▸ **Exercise**
Quote the entries below from the line with "Lot de 10 patères" through the line with "Blauer Saphir Vintage", both ends included, and only those lines.

*** Begin section ***

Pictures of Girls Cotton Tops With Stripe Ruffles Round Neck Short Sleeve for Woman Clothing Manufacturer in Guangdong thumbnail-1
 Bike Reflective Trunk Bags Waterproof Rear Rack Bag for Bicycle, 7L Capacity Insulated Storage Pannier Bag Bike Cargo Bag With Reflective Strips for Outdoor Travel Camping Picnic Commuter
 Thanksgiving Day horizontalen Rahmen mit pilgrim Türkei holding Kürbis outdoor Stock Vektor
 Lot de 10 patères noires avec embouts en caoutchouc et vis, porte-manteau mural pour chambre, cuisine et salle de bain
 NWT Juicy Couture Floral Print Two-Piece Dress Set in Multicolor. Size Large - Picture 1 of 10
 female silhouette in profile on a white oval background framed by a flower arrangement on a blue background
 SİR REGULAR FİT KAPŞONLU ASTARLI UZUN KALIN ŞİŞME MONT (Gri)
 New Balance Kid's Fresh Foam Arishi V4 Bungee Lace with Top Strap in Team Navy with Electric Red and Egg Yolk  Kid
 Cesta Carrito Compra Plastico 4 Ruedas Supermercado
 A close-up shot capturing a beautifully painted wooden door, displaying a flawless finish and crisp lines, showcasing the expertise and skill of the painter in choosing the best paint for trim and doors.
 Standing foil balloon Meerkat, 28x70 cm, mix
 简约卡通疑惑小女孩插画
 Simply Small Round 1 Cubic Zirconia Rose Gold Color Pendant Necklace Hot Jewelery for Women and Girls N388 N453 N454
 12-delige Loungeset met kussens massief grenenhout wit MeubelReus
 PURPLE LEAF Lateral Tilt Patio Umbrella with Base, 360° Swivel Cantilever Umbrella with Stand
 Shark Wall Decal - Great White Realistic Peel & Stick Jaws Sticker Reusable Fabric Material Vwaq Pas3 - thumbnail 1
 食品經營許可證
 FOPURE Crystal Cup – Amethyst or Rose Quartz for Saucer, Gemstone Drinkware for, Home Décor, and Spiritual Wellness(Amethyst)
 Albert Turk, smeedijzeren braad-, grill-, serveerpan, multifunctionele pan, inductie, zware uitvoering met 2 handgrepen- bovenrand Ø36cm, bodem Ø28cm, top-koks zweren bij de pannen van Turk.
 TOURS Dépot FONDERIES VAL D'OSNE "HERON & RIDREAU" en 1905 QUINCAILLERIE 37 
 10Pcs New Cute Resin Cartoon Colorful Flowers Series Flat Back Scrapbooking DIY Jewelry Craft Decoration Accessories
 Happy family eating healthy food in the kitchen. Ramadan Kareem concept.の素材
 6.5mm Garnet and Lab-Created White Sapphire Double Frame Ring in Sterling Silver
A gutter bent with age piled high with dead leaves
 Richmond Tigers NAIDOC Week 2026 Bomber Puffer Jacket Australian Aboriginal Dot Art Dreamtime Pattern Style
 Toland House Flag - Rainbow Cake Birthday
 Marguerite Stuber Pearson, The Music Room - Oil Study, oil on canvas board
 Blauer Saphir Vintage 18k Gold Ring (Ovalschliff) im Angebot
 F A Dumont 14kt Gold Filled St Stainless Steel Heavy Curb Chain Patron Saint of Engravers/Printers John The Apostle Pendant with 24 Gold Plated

*** End section ***

▸ **Answer**
 Lot de 10 patères noires avec embouts en caoutchouc et vis, porte-manteau mural pour chambre, cuisine et salle de bain
 NWT Juicy Couture Floral Print Two-Piece Dress Set in Multicolor. Size Large - Picture 1 of 10
 female silhouette in profile on a white oval background framed by a flower arrangement on a blue background
 SİR REGULAR FİT KAPŞONLU ASTARLI UZUN KALIN ŞİŞME MONT (Gri)
 New Balance Kid's Fresh Foam Arishi V4 Bungee Lace with Top Strap in Team Navy with Electric Red and Egg Yolk  Kid
 Cesta Carrito Compra Plastico 4 Ruedas Supermercado
 A close-up shot capturing a beautifully painted wooden door, displaying a flawless finish and crisp lines, showcasing the expertise and skill of the painter in choosing the best paint for trim and doors.
 Standing foil balloon Meerkat, 28x70 cm, mix
 简约卡通疑惑小女孩插画
 Simply Small Round 1 Cubic Zirconia Rose Gold Color Pendant Necklace Hot Jewelery for Women and Girls N388 N453 N454
 12-delige Loungeset met kussens massief grenenhout wit MeubelReus
 PURPLE LEAF Lateral Tilt Patio Umbrella with Base, 360° Swivel Cantilever Umbrella with Stand
 Shark Wall Decal - Great White Realistic Peel & Stick Jaws Sticker Reusable Fabric Material Vwaq Pas3 - thumbnail 1
 食品經營許可證
 FOPURE Crystal Cup – Amethyst or Rose Quartz for Saucer, Gemstone Drinkware for, Home Décor, and Spiritual Wellness(Amethyst)
 Albert Turk, smeedijzeren braad-, grill-, serveerpan, multifunctionele pan, inductie, zware uitvoering met 2 handgrepen- bovenrand Ø36cm, bodem Ø28cm, top-koks zweren bij de pannen van Turk.
 TOURS Dépot FONDERIES VAL D'OSNE "HERON & RIDREAU" en 1905 QUINCAILLERIE 37 
 10Pcs New Cute Resin Cartoon Colorful Flowers Series Flat Back Scrapbooking DIY Jewelry Craft Decoration Accessories
 Happy family eating healthy food in the kitchen. Ramadan Kareem concept.の素材
 6.5mm Garnet and Lab-Created White Sapphire Double Frame Ring in Sterling Silver
A gutter bent with age piled high with dead leaves
 Richmond Tigers NAIDOC Week 2026 Bomber Puffer Jacket Australian Aboriginal Dot Art Dreamtime Pattern Style
 Toland House Flag - Rainbow Cake Birthday
 Marguerite Stuber Pearson, The Music Room - Oil Study, oil on canvas board
 Blauer Saphir Vintage 18k Gold Ring (Ovalschliff) im Angebot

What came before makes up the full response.